OJ Trial Witness Kato Kaelin in the News Again: The Word “Why?” Comes to Mind


Big week for Kato Kaelin. You remember him, right? He was the resident of OJ Simpson‘s Brentwood estate guest house which is a super-nice way of saying quasi-homeless-mooch type.

Anyway, he was recently quoted in the NY Post (so you know it’s true), saying “Yes, he did it.” He being OJ and it being the murder of Nicole Brown and Ron Goldman.

Of course, that begs the question: why did Kato not speak up earlier?

“I was too scared. I was terrified. People hated me. I’ve been spat upon. They threw gum in my coffee.”

But I take issue with those reasons. I mean, first, people might have hated him, but I doubt it had anything to do with a crime. NO. People hated him because it’s patently unfair for anyone to have such kickass hair.

kato kaelin 05 OJ Trial Witness Kato Kaelin in the News Again: The Word Why? Comes to Mind

Don’t hate me ’cause I’m beautiful.

Though, now that I think about it — having hair that’s layered as perfectly as Kato’s probably is a crime, after all. At least it should be. And don’t even get me started on those highlights.

kato kaelin 04 e1348162591223 OJ Trial Witness Kato Kaelin in the News Again: The Word Why? Comes to Mind

PER. FECT.

Still, no one hated-hated him because of that. As for being spat upon, my four-year-old triplets spit on me every single day, and they don’t hate me. At least not yet. And call me crazy, but I always thought a little chewed-up Doublemint in a pipin’ hot cup of joe gave it a little zip. Given all that, I wasn’t so sure if I was buying that he actually said this.

And, in a shocking turn of events, it seems my skepticism was well founded. Because Kato came out and told TMZ that the entire story was garbage. (But, wait, it was the NY Post?!)

One thing he can’t deny, though, is anything he said on “The View” yesterday. Because, you know, it’s on TV and they record such things.

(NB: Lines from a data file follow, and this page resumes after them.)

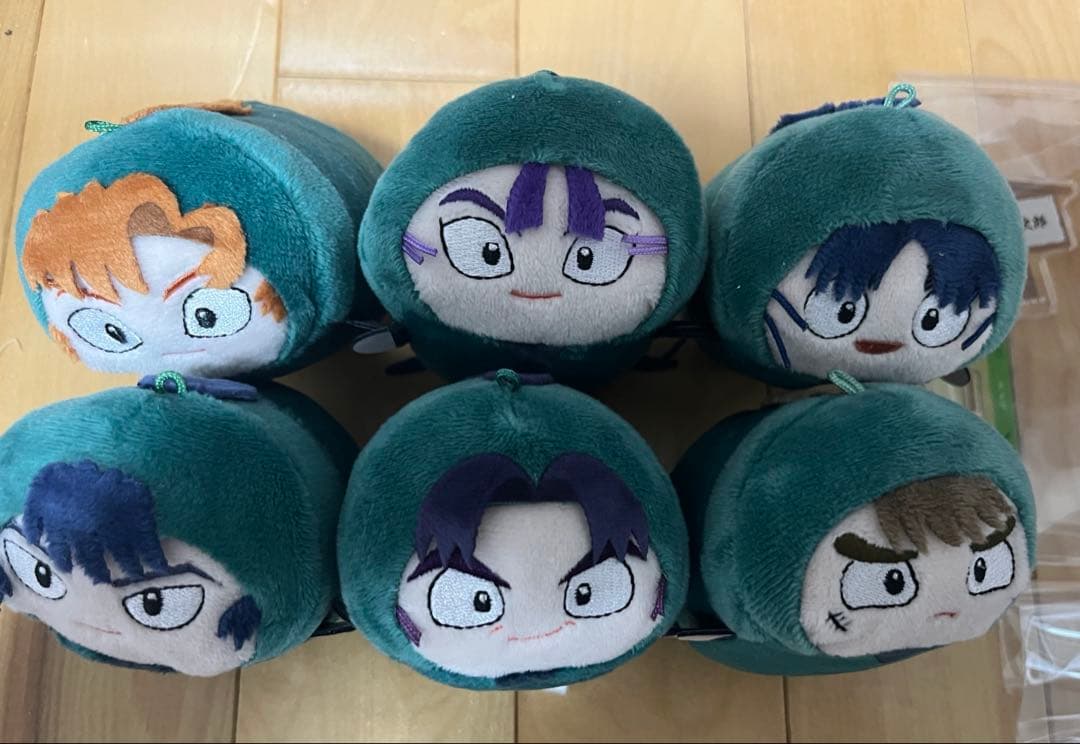 忍たま乱太郎 6年生 まとめ売り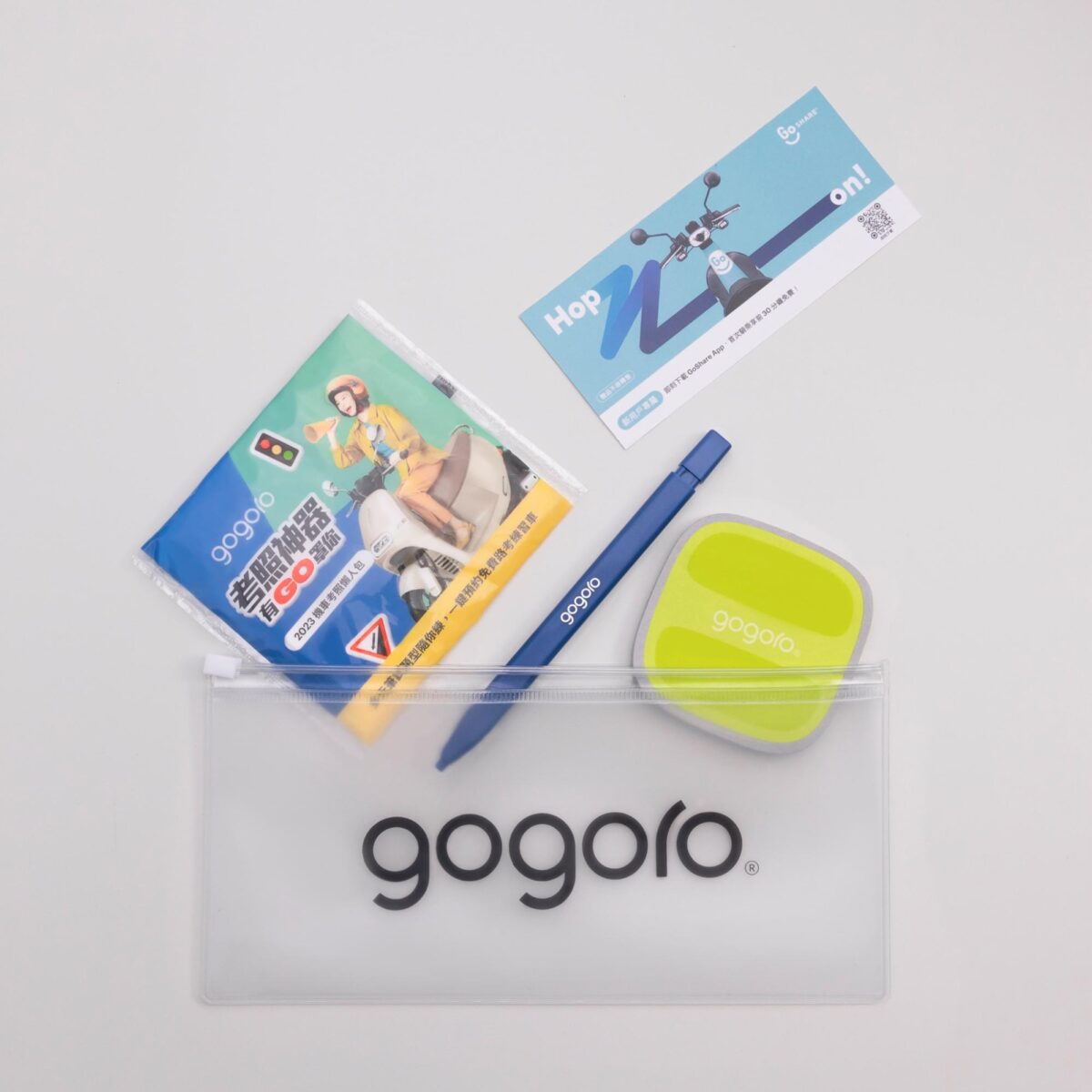 Gogoro 機車駕照 考駕照 駕照 考機車駕照 駕照考試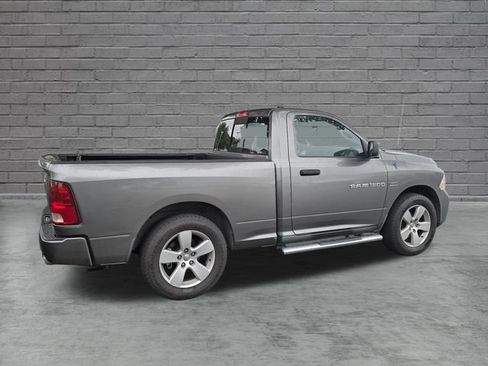 Used 2011 RAM 1500 2WD Regular Cab image 8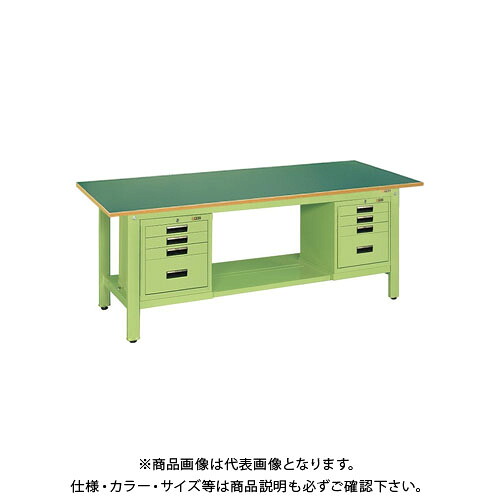 【貨物輸送別途】【直送品】サカエ 軽さ御勤め台KK印字機 SVE押し入れ付 KK-69FSVE42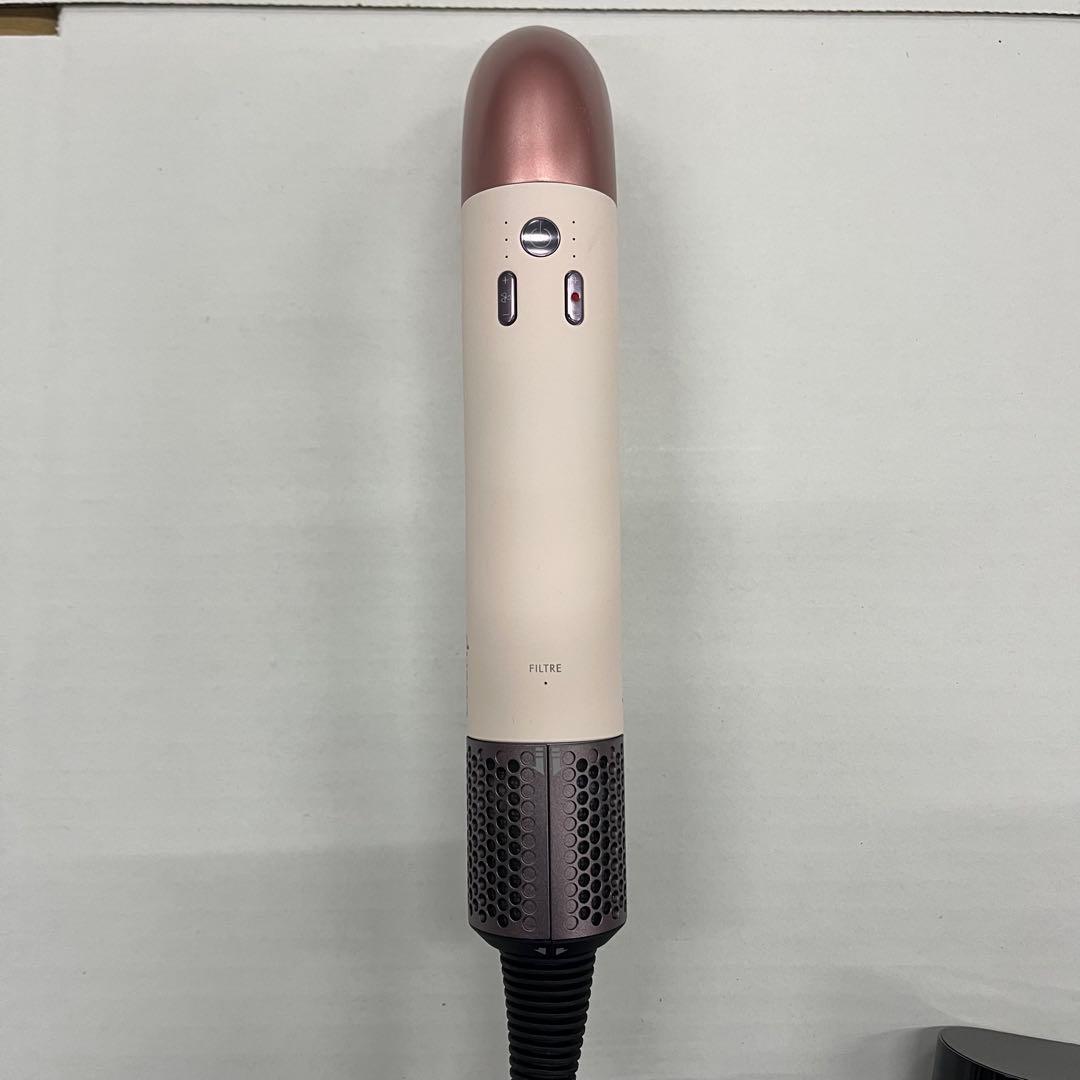 Dyson Supersonic r ヘアドライヤー ホワイト/ローズゴールド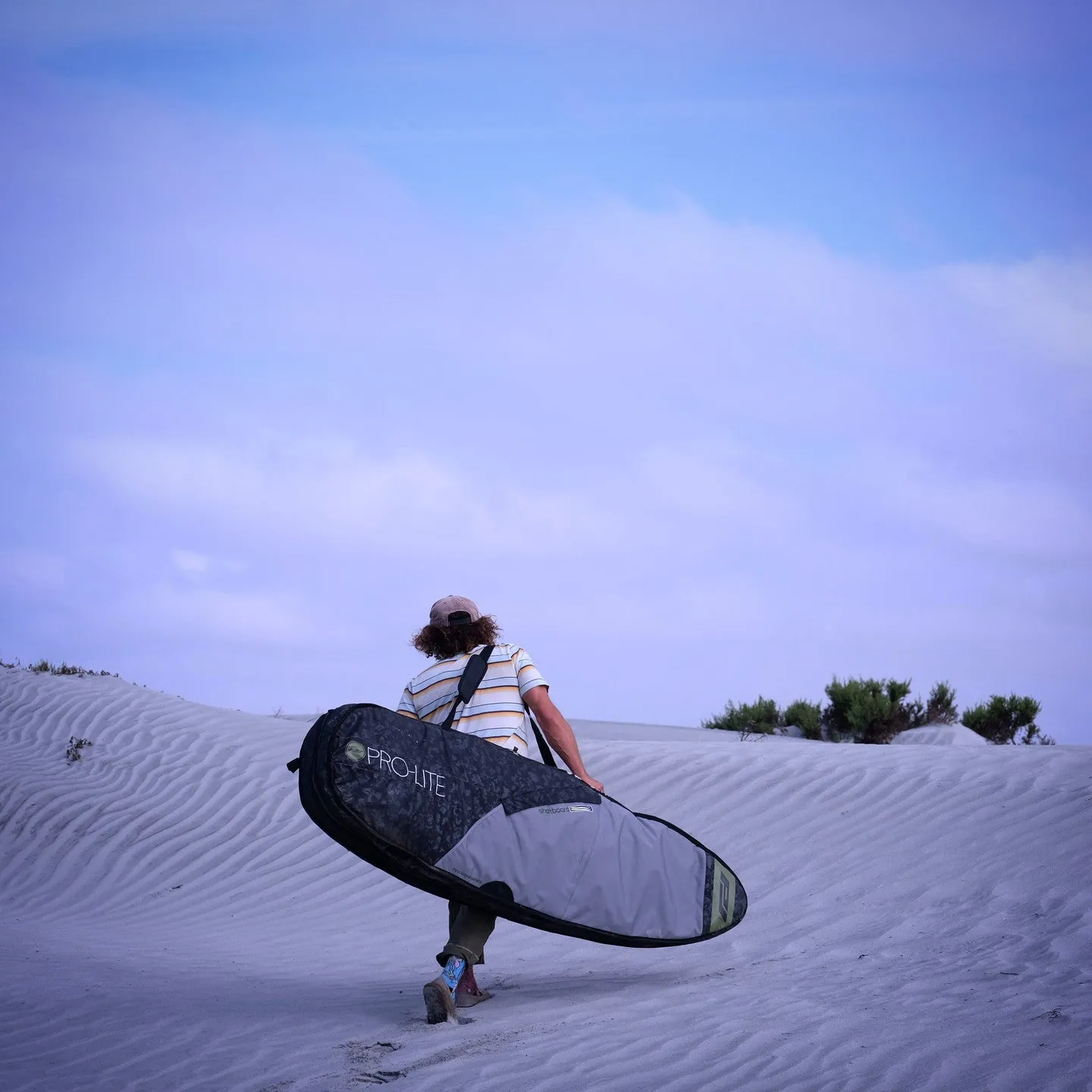 Pro-Lite Board Bag - Rhino Travel Bag 6'0 to 7'6  (1-2 boards) Fish/Hybrid/Big Short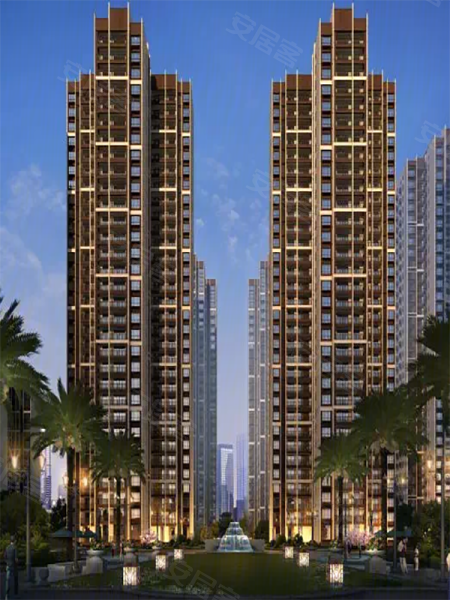 台山敏捷御府-效果图(32) - 台山安居客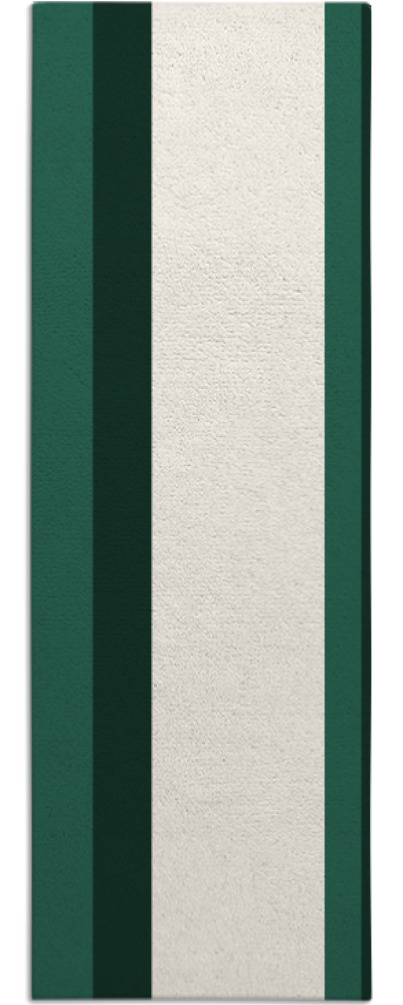 broadstripe rug - item 735567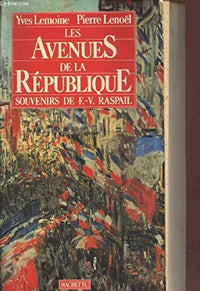Les avenues de la république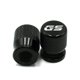 thumbnail image 2 of Accesorios de motocicleta cubierta de tapa de válvula de neumático de rueda para BMW F850GS F 850 ​​GS R1200GS R1250GS R 1200GS R1250 GS R 1250 GS LC ADV (negro), 2 of 4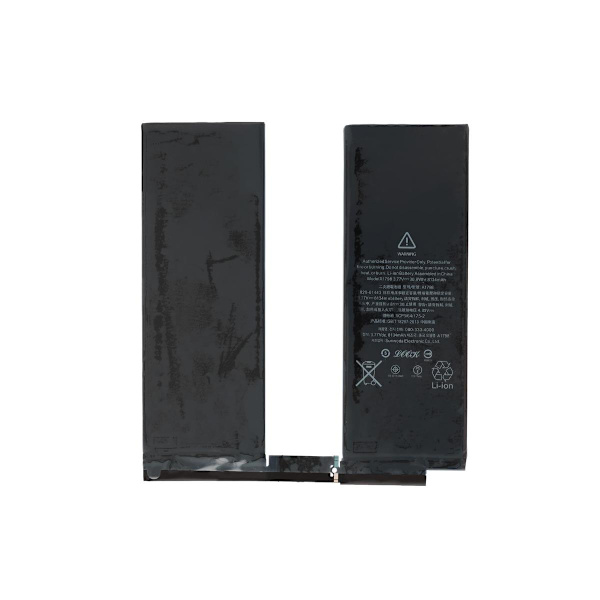 iPad Air 3 Batteri Svart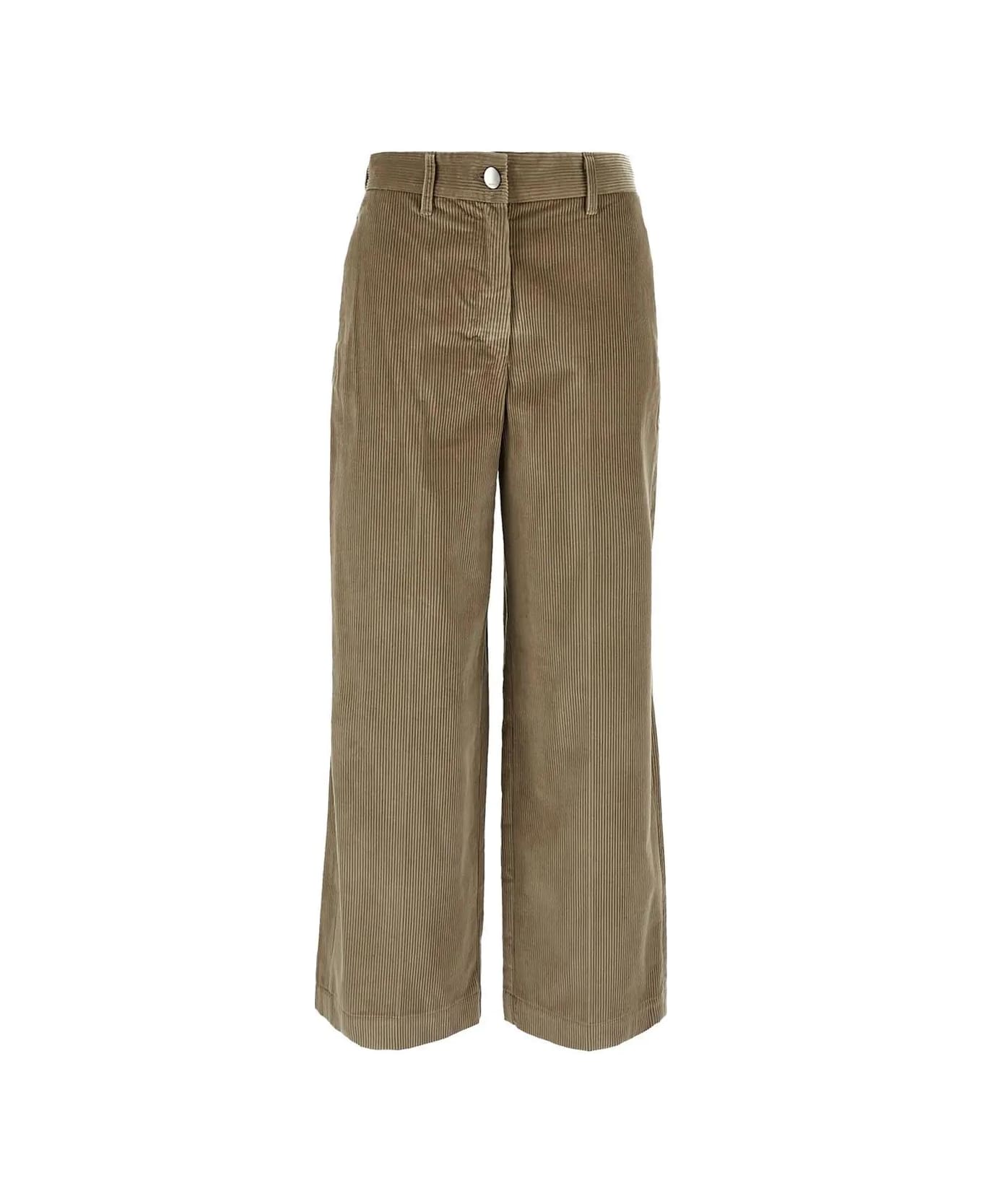 'S Max Mara Udine Trousers - Sand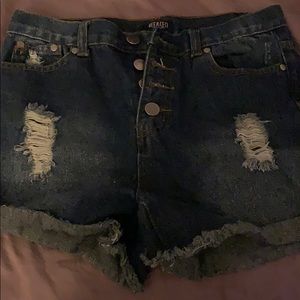 Bee & Ceci Los Angeles size 9 shorts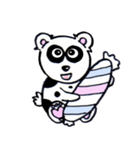 Orion Panda（個別スタンプ：8）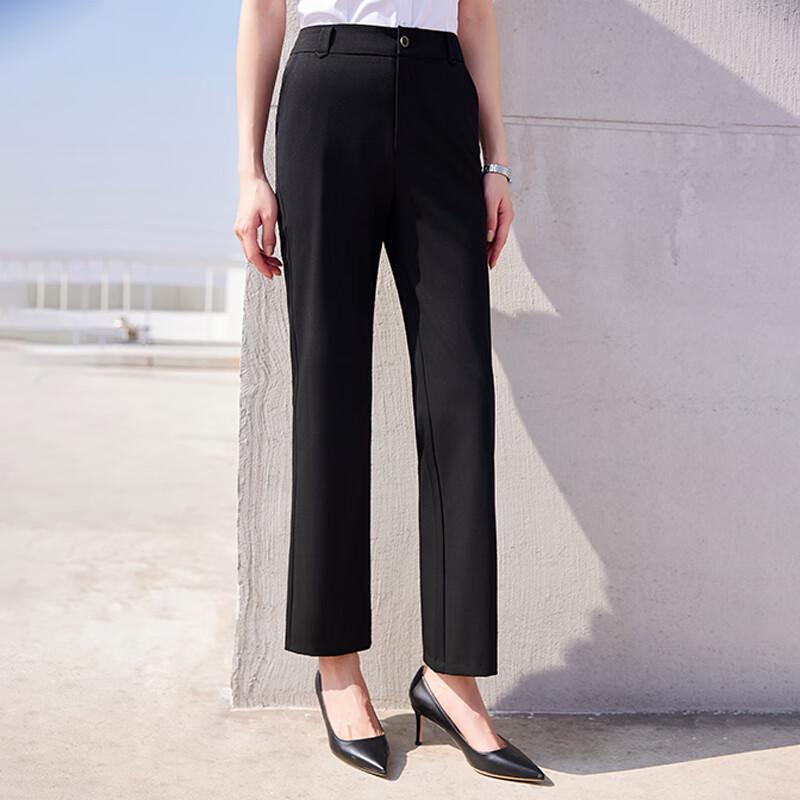 

Terman Premium Lyocell Wrinkle-Free Dress Pants 32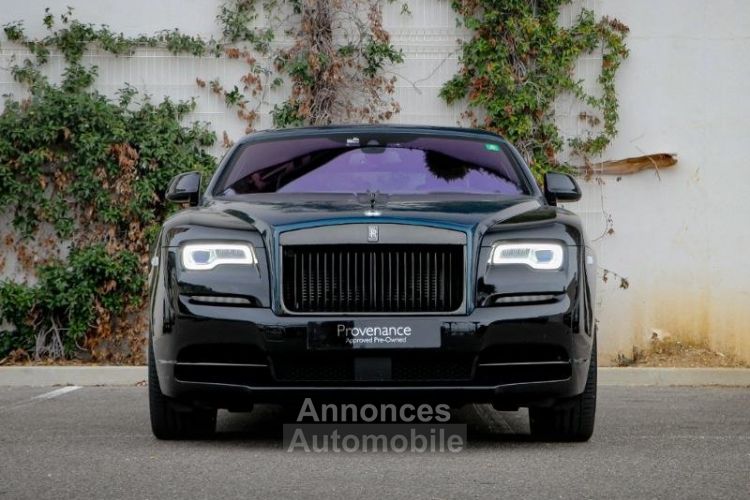 Rolls Royce Wraith V12 632ch Black Badge - <small></small> 315.000 € <small>TTC</small> - #2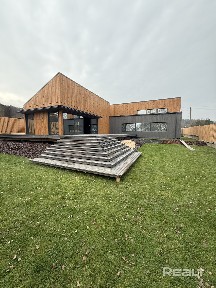 Продается современный дом недалеко от Дубровского вдхр.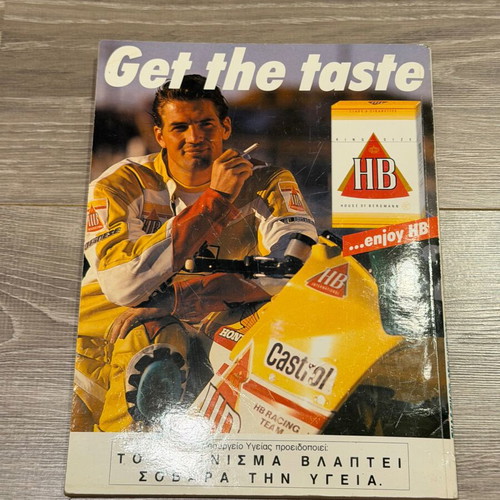 World Cup 1990 book like new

So what has Kato been up to, you might be wondering? Well, first off, he said that ever since the Green Bay Packers won the Super Bowl, his life has been “crazy great.” (Totally buying the crazy part.) Apparently he’s got a game show in the works which was the perfect segue for the requisite so you got your own house now? joke. (Seriously, Sherri, strong work. Do you write that shit or just make it up as you go along?)

Then there was an awkward moment brought to you courtesy of the following exchange:

Elisabeth: Are you married? Girlfriends? What’s your love life (like)?

Kato: Hey! What are you saying?

Elisabeth (not amused, not interested and swallowing a chunk or two of puke): I’m married with three kids.

No word yet on whether or not Kato realized he looked like this while making that lame, I’m kind of a player, aren’t I? joke.

KatoDORK21 OJ Trial Witness Kato Kaelin in the News Again: The Word Why? Comes to Mind

He’s sexy and he knows it. He works out.

Anyway, he goes on to talk about his girlfriend of five years named Amber who’s a personal trainer, yadda, yadda, yadda, and everyone was all “Hey, that’s great Kato, but seriously, shut the fuck up and let’s get to the only reason why you’ve ever been even remotely relevant” which is exactly when he and Barbara started breaking down the whole OJ deal. You know, 20 years after the fact, or whatever it is by now. She point blank asks “So for once and for all, did you think he was guilty?”

“My opinion is, I thought he was guilty.”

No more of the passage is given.